In regard to data analysis after sequencing, a computational pipeline known as dropSeqPipe was developed by the McCarroll Lab at Harvard. Although the pipeline was originally developed for use with Drop-seq scRNA-seq data, it can be used with DroNc-Seq data as it also utilizes droplet technology.

== Difference between snRNA-seq and scRNA-seq ==
snRNA-seq uses isolated nuclei instead of the entire cells to profile gene expression. That is to say, scRNA-seq measures both cytoplasmic and nuclear transcripts, while snRNA-seq mainly measures nuclear transcripts (though some transcripts might be attached to the rough endoplasmic reticulum and partially preserved in nuclear preps). This allows for snRNA-seq to process only the nucleus and not the entire cell. For this reason, compared to scRNA-seq, snRNA-Seq is more appropriate to profile gene expression in cells that are difficult to isolate (e.g. adipocytes, neurons), as well as preserved tissues.
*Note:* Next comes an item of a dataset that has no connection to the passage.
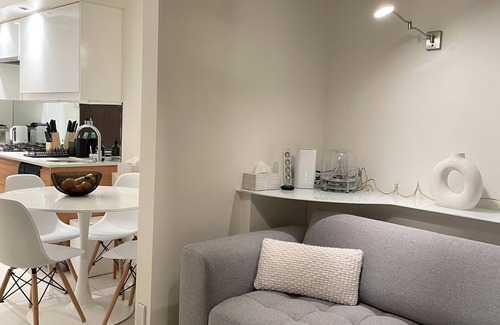 Woolloomooloo Apartment | Tranquil Apartment in Potts Point with Family Amenities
Additionally, the nuclei required for snRNA-seq can be obtained quickly and easily from fresh, lightly fixed, or frozen tissues, whereas isolating single cells for single-cell RNA-seq (scRNA-seq) involves extended incubations and processing. This gives researchers the ability to obtain transcriptomes which are not as perturbed during isolation.

== Application ==
In neuroscience, neurons have an interconnected nature which makes it extremely hard to isolate intact single neurons. As snRNA-seq has emerged as an alternative method of assessing a cell's transcriptome through the isolation of single nuclei, it has been possible to conduct single-neuron studies from postmortem human brain tissue. snRNA-seq has also enabled the first single neuron analysis of immediate early gene expression (IEGs) associated with memory formation in the mouse hippocampus. In 2019, Dmitry et al used the method on cortical tissue from ASD (Autism Spectrum Disorder) patients to identify ASD-associated transcriptomic changes in specific cell types, which is the first cell-type-specific transcriptome assessment in brains affected by ASD.

Outside of neuroscience, snRNA-seq has also been used in other research areas. In 2019, Haojia et al compared both scRNA-seq and snRNA-seq in a genomic study around the kidney. They found snRNA-seq accomplishes an equivalent gene detection rate to that of scRNA-seq in adult kidney with several significant advantages (including compatibility with frozen samples, reduced dissociation bias and so on ). In 2019, Joshi et al used snRNA-seq in a human lung biology study in which they found snRNA-seq allowed unbiased identification of cell types from frozen healthy and fibrotic lung tissues. Adult mammalian heart tissue can be extremely hard to dissociate without damaging cells, which does not allow for easy sequencing of the tissue. However, in 2020, German scientists presented the first report of sequencing an adult mammalian heart by using snRNA-seq and were able to provide practical cell‐type distributions within the heart

== Pros and cons of snRNA-seq ==

=== Pros ===

1. In scRNA-seq, the dissociation process may impair some sensitive cells and some cells in certain tissues (e.g. collagenous matrix) can be extremely hard to dissociate. Such issues can be prevented in snRNA-seq as we only need to isolate a single nucleus instead of an entire single cell.
2. Unlike scRNA-seq, snRNA-seq has quick and mild nuclei dissociation protocols that would forestall technical issues emerging from heating, protease digestion.
3. snRNA-seq works very well for preserved/frozen tissues.

=== Cons ===

1. Sequencing RNA in the cytoplasm (gene isoforms, RNA in mitochondria and chloroplast etc.) is not possible, as snRNA-seq mostly measures nuclear transcripts.